- Born: Stalowa Wola, Poland
- Occupation: Concert pianist
- Website: www.christophermalek.com

= Krzysztof Malek =

Polish pianist

Christopher Malek is a Polish-born concert pianist originally from Stalowa Wola, Poland, currently residing in Sydney, Australia. He is best known for his performances of music of the romantic period especially Chopin and Liszt.

==Biography==
Christopher Malek is a Polish-born pianist currently residing in Sydney, Australia. He has graduated with highest distinction for extraordinary artistic achievements from a special talents school- Z. Brzewski State Music High School in Warsaw. He had studied with Teresa Manasterska at the Fryderyk Chopin Academy of Music in Warsaw, on full scholarship with Professor Victor Makarov (student of Regina Horowitz, sister of Vladimir Horowitz) in Sydney and Lee Kum-Sing (student of Julius Katchen and Magda Tagliaferro) at the Vancouver Academy of Music.
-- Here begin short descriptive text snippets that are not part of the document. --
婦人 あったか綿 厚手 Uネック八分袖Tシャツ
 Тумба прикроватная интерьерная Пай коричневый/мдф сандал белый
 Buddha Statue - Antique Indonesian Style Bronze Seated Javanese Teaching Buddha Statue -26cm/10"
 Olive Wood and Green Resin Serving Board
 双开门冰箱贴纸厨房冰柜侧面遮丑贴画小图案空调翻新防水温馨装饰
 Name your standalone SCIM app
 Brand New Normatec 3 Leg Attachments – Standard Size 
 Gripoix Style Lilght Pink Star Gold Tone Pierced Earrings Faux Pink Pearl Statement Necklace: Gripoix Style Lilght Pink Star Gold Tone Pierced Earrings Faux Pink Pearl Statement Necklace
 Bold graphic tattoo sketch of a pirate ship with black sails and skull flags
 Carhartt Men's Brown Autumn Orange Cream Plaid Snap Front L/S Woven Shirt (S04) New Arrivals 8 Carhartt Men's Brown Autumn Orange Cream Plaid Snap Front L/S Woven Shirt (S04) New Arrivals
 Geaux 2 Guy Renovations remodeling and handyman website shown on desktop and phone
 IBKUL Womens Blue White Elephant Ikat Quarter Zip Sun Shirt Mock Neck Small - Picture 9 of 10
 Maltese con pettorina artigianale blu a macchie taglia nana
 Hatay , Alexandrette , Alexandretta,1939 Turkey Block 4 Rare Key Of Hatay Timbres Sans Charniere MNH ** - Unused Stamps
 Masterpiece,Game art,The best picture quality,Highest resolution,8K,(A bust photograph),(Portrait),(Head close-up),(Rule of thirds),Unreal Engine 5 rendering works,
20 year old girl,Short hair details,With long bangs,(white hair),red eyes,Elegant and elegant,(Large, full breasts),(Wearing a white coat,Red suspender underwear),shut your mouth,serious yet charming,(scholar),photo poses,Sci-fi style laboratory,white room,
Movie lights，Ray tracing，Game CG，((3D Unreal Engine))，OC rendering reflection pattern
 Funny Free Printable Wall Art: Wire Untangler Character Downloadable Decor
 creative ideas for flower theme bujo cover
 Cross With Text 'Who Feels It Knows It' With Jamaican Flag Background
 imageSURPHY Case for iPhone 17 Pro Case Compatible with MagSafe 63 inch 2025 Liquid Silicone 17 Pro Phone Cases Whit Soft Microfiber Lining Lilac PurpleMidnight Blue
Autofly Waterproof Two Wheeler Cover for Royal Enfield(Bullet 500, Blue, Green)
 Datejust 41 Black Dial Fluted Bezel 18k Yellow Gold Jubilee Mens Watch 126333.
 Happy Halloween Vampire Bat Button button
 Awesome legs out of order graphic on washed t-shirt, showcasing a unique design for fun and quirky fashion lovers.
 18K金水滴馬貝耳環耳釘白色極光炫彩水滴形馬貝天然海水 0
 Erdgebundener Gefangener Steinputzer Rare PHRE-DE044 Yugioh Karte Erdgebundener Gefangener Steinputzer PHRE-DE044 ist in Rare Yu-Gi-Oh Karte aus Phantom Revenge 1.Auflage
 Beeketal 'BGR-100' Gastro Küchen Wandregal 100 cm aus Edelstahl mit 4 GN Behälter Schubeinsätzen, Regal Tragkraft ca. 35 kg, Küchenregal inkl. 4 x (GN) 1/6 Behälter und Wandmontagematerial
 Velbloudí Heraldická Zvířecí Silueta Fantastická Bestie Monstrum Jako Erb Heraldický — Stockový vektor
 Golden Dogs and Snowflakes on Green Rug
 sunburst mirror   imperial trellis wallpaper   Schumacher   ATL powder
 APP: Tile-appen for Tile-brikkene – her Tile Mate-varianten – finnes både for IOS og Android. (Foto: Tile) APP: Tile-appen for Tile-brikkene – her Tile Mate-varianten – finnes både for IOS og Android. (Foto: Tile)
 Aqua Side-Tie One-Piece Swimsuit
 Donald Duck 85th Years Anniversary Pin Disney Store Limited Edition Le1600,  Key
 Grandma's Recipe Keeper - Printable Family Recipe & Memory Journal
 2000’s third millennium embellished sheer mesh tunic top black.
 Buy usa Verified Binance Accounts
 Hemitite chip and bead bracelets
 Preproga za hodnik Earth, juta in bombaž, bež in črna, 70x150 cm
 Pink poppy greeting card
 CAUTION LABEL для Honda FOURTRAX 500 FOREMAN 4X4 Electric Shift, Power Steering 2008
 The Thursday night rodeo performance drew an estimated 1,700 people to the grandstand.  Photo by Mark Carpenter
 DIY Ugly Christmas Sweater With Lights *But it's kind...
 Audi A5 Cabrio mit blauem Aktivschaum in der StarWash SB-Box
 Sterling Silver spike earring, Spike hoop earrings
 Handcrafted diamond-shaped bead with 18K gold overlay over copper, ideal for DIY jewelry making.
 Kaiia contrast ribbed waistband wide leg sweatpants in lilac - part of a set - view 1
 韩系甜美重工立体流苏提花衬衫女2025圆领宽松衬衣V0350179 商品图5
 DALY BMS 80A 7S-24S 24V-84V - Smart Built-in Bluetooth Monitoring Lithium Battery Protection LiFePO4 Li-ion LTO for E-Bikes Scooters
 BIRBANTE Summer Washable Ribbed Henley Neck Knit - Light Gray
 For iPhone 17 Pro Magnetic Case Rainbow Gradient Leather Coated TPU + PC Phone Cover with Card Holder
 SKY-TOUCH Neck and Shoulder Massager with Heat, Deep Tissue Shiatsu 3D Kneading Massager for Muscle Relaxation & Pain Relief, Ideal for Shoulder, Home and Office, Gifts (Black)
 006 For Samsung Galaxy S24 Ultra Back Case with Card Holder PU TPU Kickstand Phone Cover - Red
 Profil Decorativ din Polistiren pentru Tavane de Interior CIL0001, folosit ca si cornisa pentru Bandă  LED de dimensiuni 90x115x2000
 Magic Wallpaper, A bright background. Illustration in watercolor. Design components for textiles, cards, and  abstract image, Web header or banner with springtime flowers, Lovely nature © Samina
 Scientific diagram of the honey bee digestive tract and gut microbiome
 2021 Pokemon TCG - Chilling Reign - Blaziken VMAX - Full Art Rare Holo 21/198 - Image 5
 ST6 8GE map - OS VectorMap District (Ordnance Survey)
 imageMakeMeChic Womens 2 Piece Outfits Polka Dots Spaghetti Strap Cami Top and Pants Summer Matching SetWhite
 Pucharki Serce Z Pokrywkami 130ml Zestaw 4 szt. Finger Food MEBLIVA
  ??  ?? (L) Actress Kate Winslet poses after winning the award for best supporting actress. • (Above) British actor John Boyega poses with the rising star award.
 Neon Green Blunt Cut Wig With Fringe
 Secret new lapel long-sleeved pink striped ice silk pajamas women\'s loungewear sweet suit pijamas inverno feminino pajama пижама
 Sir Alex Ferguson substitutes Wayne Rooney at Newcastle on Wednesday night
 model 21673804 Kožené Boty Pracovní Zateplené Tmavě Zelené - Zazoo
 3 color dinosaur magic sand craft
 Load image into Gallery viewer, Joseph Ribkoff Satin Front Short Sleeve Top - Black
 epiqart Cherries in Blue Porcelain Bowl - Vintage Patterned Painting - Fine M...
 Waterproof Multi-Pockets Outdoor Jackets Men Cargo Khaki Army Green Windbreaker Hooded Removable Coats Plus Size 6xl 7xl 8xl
Christopher is a prizewinner at a number of national and international competitions. At an early age of ten he won his first national contest which was soon followed by his debut with an orchestra. In 1997 he was a prizewinner at the National Paderewski Competition, in 1999 he received the Second Prize at the International Chopin Competition in Vilnius and in 2001 he won the First Prize at the International Bacewicz Competition in Lodz. In 2007 he was awarded First Prize and gold medal at the Chopin competition in Sydney.

===Concert touring===
Since his successes in piano competitions Christopher continues to travel and perform around the world. So far music has taken him to over thirty countries in Europe, North America, Asia and Australia. He has made a number of archive recordings for radio and television in several countries and has also played the main role of Frederic in a film about Chopin.

In recognition of his achievements he was awarded a prestigious prize-scholarship by the Polish Ministry of Culture. In 2008 Christopher received a Distinguished Talent Permanent Residency of Australia.